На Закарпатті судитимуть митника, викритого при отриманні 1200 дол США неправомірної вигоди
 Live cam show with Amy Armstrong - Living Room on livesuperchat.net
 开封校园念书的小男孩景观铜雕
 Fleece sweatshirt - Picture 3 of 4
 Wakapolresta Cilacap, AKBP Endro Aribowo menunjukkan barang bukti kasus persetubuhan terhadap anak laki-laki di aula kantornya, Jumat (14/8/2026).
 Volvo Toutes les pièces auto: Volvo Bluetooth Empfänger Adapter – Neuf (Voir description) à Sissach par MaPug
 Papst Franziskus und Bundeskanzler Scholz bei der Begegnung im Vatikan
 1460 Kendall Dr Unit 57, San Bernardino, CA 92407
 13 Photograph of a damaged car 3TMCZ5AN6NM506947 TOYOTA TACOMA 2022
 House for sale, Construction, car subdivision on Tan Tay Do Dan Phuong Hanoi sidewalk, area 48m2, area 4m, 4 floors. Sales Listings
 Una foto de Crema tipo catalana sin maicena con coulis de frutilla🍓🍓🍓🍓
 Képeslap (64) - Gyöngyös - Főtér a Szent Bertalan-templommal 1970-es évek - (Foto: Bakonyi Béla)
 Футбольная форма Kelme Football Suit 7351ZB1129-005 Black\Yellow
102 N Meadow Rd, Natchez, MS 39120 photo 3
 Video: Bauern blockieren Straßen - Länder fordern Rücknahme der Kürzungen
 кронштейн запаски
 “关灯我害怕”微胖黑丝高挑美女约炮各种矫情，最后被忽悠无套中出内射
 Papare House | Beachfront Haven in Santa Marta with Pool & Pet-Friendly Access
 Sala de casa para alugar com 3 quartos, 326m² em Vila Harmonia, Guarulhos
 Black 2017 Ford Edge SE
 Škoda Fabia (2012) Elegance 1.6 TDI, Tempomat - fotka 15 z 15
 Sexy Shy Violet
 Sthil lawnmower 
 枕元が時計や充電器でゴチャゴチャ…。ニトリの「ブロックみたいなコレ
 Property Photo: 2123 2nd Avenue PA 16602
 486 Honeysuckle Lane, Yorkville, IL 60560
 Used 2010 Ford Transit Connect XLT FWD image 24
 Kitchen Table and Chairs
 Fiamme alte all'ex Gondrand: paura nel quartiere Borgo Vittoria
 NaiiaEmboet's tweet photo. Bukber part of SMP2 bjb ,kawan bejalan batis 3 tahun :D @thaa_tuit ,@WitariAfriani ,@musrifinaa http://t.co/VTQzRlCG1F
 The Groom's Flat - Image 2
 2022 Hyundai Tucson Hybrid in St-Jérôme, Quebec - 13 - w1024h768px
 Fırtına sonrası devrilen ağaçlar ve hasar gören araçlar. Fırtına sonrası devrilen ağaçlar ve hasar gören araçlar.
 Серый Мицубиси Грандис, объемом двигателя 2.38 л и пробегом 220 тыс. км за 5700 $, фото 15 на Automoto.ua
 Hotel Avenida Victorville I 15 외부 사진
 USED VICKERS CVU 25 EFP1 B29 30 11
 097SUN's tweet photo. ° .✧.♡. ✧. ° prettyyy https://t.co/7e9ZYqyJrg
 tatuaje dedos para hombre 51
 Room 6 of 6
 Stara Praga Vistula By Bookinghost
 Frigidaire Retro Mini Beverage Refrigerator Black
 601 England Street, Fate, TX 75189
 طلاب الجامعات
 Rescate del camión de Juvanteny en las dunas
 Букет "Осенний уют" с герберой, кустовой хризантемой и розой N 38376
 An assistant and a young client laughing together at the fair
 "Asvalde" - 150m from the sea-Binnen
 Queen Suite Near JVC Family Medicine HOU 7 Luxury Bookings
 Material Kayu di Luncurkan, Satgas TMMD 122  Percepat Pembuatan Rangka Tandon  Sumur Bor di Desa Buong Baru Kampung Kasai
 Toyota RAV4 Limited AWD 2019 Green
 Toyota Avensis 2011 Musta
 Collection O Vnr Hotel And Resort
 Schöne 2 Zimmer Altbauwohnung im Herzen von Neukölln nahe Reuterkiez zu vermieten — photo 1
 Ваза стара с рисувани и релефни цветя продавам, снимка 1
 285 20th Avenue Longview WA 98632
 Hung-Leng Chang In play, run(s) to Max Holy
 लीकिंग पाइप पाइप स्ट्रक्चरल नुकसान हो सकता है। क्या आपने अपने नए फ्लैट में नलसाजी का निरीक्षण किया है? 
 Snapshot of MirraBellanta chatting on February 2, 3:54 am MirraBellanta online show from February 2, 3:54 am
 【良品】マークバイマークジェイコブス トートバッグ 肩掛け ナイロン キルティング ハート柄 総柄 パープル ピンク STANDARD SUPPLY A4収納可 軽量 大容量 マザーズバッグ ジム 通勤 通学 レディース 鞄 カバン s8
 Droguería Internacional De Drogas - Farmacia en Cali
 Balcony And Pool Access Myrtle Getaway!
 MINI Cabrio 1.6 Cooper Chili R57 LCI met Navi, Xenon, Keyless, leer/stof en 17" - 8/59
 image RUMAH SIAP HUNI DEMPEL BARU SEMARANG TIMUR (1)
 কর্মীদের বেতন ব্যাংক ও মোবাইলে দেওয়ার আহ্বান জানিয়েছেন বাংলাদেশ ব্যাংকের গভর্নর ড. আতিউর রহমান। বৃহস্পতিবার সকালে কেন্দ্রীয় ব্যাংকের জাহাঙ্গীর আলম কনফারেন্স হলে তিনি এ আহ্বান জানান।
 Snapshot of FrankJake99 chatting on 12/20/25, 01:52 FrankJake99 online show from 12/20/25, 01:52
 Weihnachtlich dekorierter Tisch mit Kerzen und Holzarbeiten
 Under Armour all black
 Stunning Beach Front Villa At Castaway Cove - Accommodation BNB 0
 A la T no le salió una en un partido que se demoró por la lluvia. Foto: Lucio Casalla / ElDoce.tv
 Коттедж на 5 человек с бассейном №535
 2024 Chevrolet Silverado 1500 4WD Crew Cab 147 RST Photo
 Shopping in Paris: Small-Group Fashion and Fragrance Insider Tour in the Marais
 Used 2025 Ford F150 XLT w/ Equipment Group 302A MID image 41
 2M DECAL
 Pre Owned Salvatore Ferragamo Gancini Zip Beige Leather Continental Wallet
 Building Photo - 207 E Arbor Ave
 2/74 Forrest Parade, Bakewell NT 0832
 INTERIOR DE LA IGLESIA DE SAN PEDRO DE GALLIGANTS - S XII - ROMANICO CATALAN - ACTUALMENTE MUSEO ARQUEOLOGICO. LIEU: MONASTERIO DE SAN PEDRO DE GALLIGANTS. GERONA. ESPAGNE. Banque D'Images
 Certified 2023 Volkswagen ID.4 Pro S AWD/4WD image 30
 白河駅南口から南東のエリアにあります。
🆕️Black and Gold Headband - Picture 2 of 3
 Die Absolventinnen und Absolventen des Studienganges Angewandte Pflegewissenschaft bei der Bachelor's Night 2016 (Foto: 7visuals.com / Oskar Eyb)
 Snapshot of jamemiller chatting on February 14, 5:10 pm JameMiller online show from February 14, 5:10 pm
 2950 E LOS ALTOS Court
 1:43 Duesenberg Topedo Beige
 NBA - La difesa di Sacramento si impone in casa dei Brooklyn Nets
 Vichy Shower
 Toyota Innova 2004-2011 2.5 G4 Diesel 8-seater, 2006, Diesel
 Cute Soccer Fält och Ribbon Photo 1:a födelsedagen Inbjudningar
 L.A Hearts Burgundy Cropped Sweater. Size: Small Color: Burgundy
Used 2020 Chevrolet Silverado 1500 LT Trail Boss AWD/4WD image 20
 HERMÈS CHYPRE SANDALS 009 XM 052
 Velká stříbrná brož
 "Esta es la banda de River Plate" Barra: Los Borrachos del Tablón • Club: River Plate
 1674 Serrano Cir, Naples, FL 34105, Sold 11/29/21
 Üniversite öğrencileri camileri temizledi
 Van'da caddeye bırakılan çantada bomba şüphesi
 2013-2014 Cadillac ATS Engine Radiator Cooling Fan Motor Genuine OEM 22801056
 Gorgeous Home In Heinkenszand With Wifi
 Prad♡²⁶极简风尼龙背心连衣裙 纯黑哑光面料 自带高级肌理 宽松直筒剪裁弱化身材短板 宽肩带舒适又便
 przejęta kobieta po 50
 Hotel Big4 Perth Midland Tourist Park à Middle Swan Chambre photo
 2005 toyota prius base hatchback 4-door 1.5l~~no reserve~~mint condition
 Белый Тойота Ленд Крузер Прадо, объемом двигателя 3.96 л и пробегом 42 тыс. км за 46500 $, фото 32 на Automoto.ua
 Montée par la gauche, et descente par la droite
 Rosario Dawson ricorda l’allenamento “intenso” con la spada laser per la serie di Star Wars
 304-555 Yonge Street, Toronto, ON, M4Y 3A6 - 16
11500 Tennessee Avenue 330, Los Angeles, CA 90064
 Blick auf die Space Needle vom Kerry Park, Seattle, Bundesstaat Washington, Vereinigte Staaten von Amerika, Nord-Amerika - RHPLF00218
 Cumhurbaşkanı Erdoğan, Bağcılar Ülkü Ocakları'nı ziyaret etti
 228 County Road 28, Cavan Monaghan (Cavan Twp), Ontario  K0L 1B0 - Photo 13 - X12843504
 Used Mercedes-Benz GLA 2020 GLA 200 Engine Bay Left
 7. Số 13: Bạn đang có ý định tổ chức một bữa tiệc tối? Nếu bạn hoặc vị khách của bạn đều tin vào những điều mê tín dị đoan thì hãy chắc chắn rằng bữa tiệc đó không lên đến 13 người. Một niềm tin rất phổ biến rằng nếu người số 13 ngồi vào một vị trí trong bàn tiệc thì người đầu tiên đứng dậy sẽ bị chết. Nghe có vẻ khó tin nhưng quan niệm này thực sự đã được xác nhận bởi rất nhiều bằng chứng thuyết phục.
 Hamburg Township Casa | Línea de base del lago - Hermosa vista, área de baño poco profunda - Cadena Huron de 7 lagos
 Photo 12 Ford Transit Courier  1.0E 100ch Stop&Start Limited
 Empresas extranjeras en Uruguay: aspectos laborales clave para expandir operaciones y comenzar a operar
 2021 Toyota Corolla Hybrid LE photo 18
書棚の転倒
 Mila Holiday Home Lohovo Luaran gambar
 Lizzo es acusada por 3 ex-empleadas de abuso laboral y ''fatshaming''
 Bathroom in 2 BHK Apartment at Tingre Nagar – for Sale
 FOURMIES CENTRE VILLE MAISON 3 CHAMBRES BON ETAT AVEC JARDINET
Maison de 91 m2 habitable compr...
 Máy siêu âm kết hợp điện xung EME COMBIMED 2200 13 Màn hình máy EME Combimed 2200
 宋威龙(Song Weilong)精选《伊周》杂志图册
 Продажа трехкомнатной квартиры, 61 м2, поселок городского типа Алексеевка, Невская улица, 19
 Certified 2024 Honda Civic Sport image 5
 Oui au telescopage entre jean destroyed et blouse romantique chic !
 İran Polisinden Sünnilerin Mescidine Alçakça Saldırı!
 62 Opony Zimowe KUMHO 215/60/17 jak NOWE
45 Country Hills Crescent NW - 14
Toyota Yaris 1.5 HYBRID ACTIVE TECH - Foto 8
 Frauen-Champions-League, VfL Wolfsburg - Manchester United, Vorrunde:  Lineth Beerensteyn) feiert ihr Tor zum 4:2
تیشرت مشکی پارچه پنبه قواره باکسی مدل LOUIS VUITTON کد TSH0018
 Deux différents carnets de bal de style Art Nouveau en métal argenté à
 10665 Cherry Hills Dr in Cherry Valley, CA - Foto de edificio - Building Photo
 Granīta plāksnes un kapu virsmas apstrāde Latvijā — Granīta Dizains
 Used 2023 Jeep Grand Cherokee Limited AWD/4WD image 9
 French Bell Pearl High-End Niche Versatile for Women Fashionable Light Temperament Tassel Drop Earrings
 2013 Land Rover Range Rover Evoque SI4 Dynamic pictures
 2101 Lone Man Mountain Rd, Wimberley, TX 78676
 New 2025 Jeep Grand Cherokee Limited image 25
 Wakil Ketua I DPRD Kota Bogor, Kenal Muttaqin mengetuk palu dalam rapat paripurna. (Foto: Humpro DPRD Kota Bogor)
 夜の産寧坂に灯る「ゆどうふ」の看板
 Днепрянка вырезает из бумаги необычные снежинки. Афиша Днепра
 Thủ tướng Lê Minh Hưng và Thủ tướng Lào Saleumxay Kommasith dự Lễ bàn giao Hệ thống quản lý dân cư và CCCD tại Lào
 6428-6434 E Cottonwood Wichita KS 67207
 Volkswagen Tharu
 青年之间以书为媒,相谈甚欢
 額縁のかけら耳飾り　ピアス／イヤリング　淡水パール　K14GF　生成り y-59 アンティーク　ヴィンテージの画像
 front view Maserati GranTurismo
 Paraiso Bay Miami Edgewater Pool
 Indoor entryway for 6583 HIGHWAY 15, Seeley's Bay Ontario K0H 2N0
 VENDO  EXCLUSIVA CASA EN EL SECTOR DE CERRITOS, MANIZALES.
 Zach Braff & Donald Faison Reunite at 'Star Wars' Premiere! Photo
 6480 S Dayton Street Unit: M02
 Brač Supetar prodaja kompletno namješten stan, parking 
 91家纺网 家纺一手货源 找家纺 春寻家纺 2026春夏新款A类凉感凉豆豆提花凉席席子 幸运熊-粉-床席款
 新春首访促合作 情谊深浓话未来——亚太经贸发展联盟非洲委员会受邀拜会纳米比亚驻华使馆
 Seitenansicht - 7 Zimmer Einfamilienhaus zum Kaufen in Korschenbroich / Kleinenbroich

════════════════

> [Work order]: Among the records above, only the lines between the line holding "लीकिंग पाइप पाइप" and the line holding "Toyota Innova 2004-2011", inclusive, are to be output, exactly as written.

> [Reply to the exercise]:
 लीकिंग पाइप पाइप स्ट्रक्चरल नुकसान हो सकता है। क्या आपने अपने नए फ्लैट में नलसाजी का निरीक्षण किया है? 
 Snapshot of MirraBellanta chatting on February 2, 3:54 am MirraBellanta online show from February 2, 3:54 am
 【良品】マークバイマークジェイコブス トートバッグ 肩掛け ナイロン キルティング ハート柄 総柄 パープル ピンク STANDARD SUPPLY A4収納可 軽量 大容量 マザーズバッグ ジム 通勤 通学 レディース 鞄 カバン s8
 Droguería Internacional De Drogas - Farmacia en Cali
 Balcony And Pool Access Myrtle Getaway!
 MINI Cabrio 1.6 Cooper Chili R57 LCI met Navi, Xenon, Keyless, leer/stof en 17" - 8/59
 image RUMAH SIAP HUNI DEMPEL BARU SEMARANG TIMUR (1)
 কর্মীদের বেতন ব্যাংক ও মোবাইলে দেওয়ার আহ্বান জানিয়েছেন বাংলাদেশ ব্যাংকের গভর্নর ড. আতিউর রহমান। বৃহস্পতিবার সকালে কেন্দ্রীয় ব্যাংকের জাহাঙ্গীর আলম কনফারেন্স হলে তিনি এ আহ্বান জানান।
 Snapshot of FrankJake99 chatting on 12/20/25, 01:52 FrankJake99 online show from 12/20/25, 01:52
 Weihnachtlich dekorierter Tisch mit Kerzen und Holzarbeiten
 Under Armour all black
 Stunning Beach Front Villa At Castaway Cove - Accommodation BNB 0
 A la T no le salió una en un partido que se demoró por la lluvia. Foto: Lucio Casalla / ElDoce.tv
 Коттедж на 5 человек с бассейном №535
 2024 Chevrolet Silverado 1500 4WD Crew Cab 147 RST Photo
 Shopping in Paris: Small-Group Fashion and Fragrance Insider Tour in the Marais
 Used 2025 Ford F150 XLT w/ Equipment Group 302A MID image 41
 2M DECAL
 Pre Owned Salvatore Ferragamo Gancini Zip Beige Leather Continental Wallet
 Building Photo - 207 E Arbor Ave
 2/74 Forrest Parade, Bakewell NT 0832
 INTERIOR DE LA IGLESIA DE SAN PEDRO DE GALLIGANTS - S XII - ROMANICO CATALAN - ACTUALMENTE MUSEO ARQUEOLOGICO. LIEU: MONASTERIO DE SAN PEDRO DE GALLIGANTS. GERONA. ESPAGNE. Banque D'Images
 Certified 2023 Volkswagen ID.4 Pro S AWD/4WD image 30
 白河駅南口から南東のエリアにあります。
🆕️Black and Gold Headband - Picture 2 of 3
 Die Absolventinnen und Absolventen des Studienganges Angewandte Pflegewissenschaft bei der Bachelor's Night 2016 (Foto: 7visuals.com / Oskar Eyb)
 Snapshot of jamemiller chatting on February 14, 5:10 pm JameMiller online show from February 14, 5:10 pm
 2950 E LOS ALTOS Court
 1:43 Duesenberg Topedo Beige
 NBA - La difesa di Sacramento si impone in casa dei Brooklyn Nets
 Vichy Shower
 Toyota Innova 2004-2011 2.5 G4 Diesel 8-seater, 2006, Diesel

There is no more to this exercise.